Regulars immediately complained that the burgers weren't the same. Greenbaum bragged that her patties were made with organic beef. ("We're buying our own cows!" I heard her tell a clutch of customers not long ago, referring to the grass-fed beef from a purveyor in West Virginia who grinds the fresh meat to her specifications.) Depending on your point of view, the "new" Quarry House is a disappointment or a delight.
I showed up with an open mind and no ties to the place, having never experienced the Quarry House B.J. ("before Jackie"). I immediately fell in like with the old jukebox, which plays "Walk the Line" as sung not by Joaquin Phoenix but by The Man in Black himself, Johnny Cash. The wood bar pulled me in, too, its surface worn down over the decades by a million tired elbows. On the other hand, I could do without the flat-screen TVs , and the dingy men's restroom that looks as if it hasn't been updated since Prohibition.
The burger?
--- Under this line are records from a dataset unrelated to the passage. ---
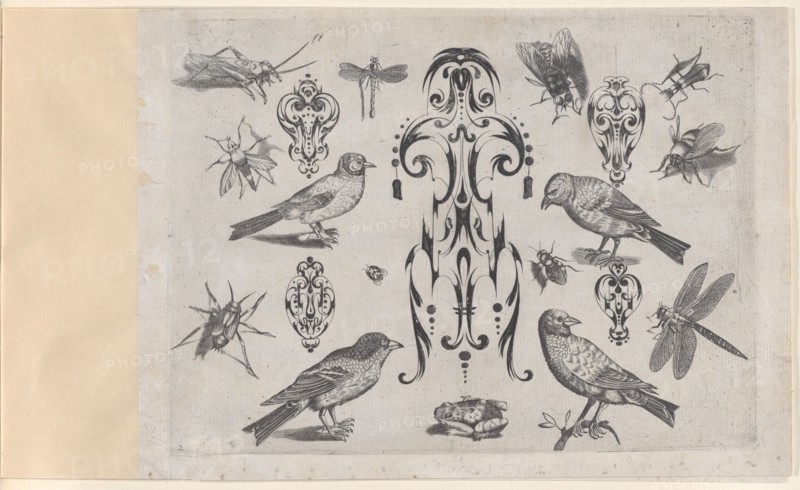 Blackwork Designs with Birds and Insects, Plate 2 from a Series of Blackwork Ornamen..., after 1622. Creator: Meinert Gelijs.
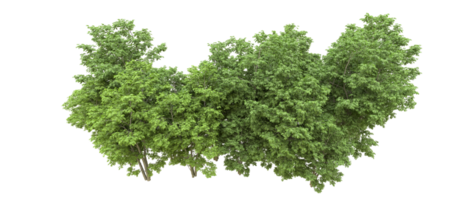 Green forest isolated on background. 3d rendering - illustration png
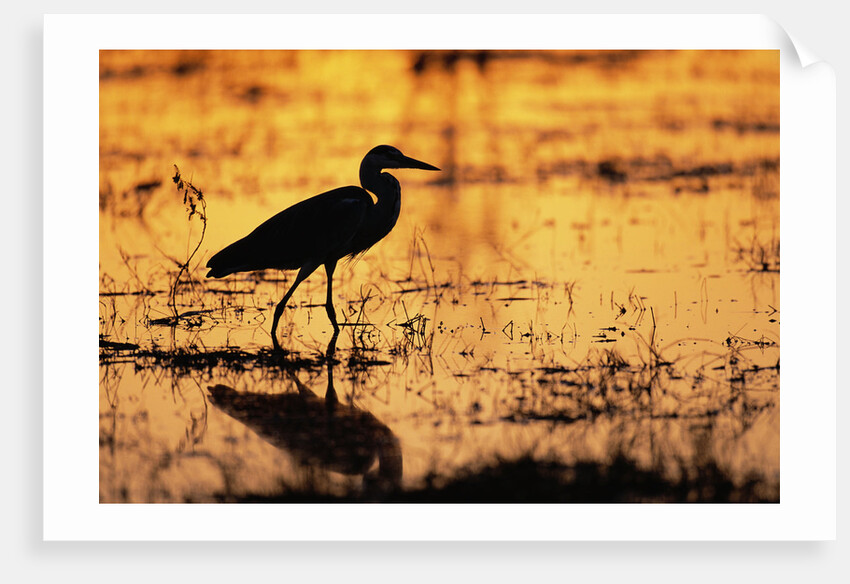 Egret Wading Through the Khwai River by Anonymous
Sometimes it's overcooked, other times it's as juicy as you want it to be. Always, it is thick, nicely seasoned and presented on a fine sesame seed bun in a plastic basket, like all the chow here. The sandwich comes with a choice of potato chips that are made right there, in a closet of a kitchen, or tater tots or a salad. If I want to splurge, I'll get those chips and hope they're crisp (they sometimes arrive limp); a dill-spiked dip from an old James Beard recipe makes for fun dunking. If I'm feeling fat, I'll ask for the radish- and carrot-strewn green salad, which is prettier than one might expect from a tavern and is best eaten with the house-made blue cheese dressing. The burger is a better choice than the lame grilled cheese sandwich, the wimpy cheesesteak and the routine soft tacos with chicken.
The short menu holds a few surprises. One involves a flaky empanada stuffed with black beans and rice. It's very good. Yet the real shockers are the chicken wings labeled "hot." Ignited with habanero chilies, the snack is blazing, searing, eyelash-curling. A buddy gave up after one bite, and that was after he tried to douse the flames in a quarter-cup of blue cheese dip.
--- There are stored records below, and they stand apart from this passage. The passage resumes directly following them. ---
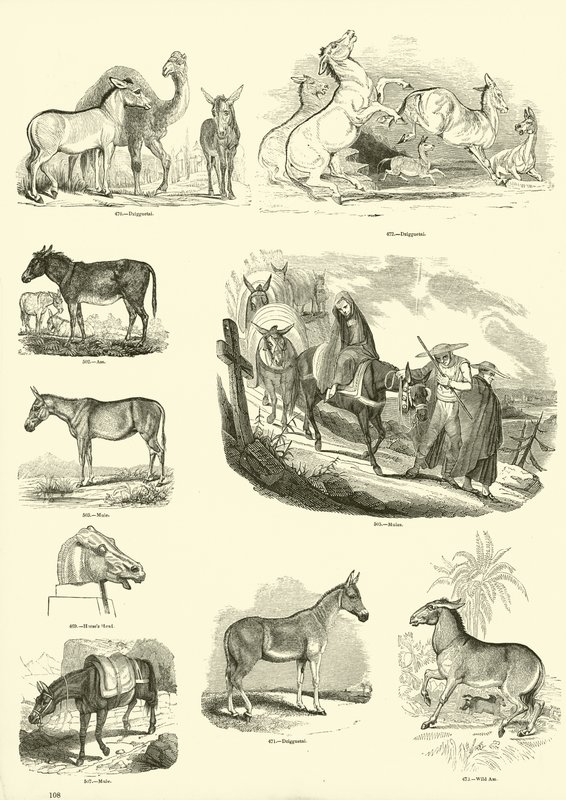 Page from The Pictorial Museum of Animated Nature by English School
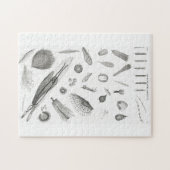 B&W科学微生物倍率顕微鏡 ジグソーパズル (横)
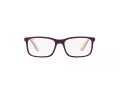 Ray-Ban Naočale RY 1621 3931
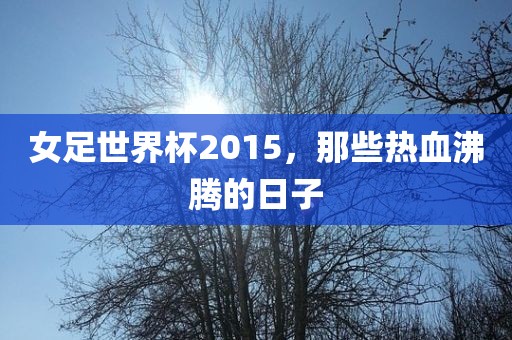 女足世界杯2015，那些热血沸腾的日子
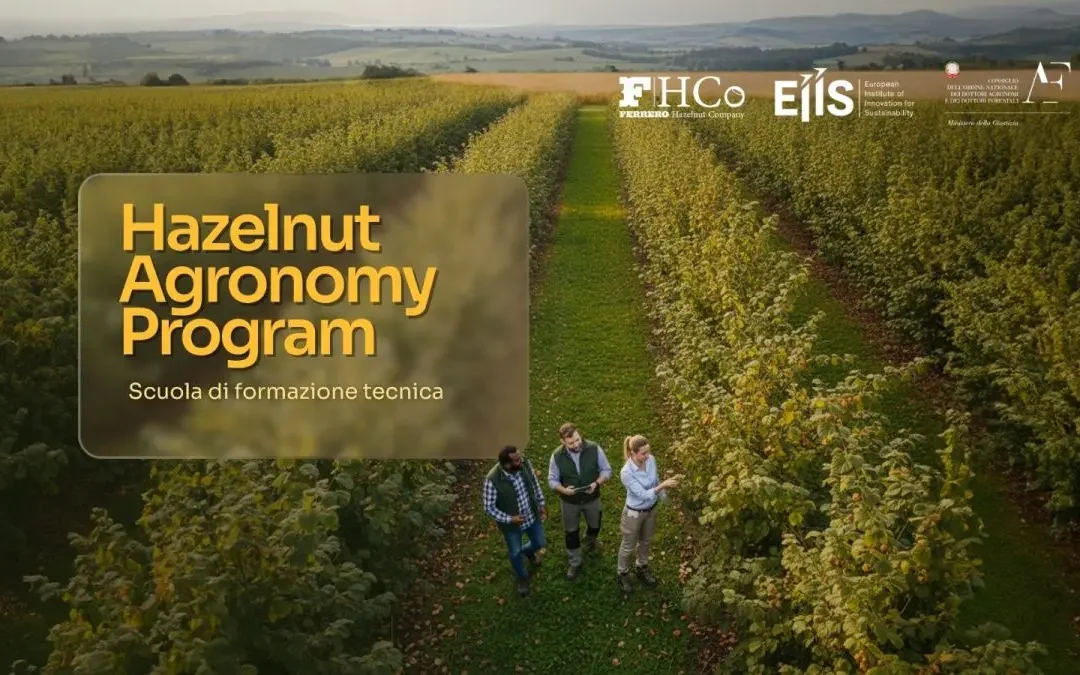 Al via l’Hazelnut Agronomy Program promosso da Ferrero, Eiis e Conaf
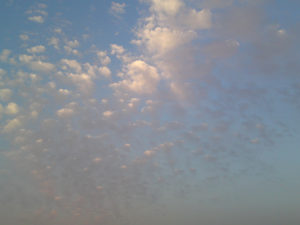 ΣΧΟΛΗ ΠΥΞΙΔΑ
Old and scruffy is a hoot when the servers play along and the grub is good. But that isn't always the case in this basement watering hole. One night my young waitress took my drink order as if she didn't know her employer served pinot noir; later, she delivered the entrees ahead of the appetizers. When I pointed this out to her, she returned the entrees to the kitchen --- where they languished on a shelf as a friend and I ate our starters: a rigid chicken satay with cement-thick, refrigerator-cold peanut sauce and a black bean soup that tasted as if it had been made only with black beans, nothing more. Thank goodness the martini was strong and the brew was diverting. (The new owners expanded the beer list to include, among other labels, Belgium's esteemed Chimay and Britain's very good Young's Oatmeal Stout.)
The Quarry House is a work in progress and far from a perfect pub. But Greenbaum and company have lots of ideas up their sleeves --- live music a few nights a week, lunch service, a new bar fashioned from vinyl records, more than Rice Krispie treats for dessert. While I wait for the joint to come together, I'll take comfort in what legions of visitors have before me: a burger and a beer.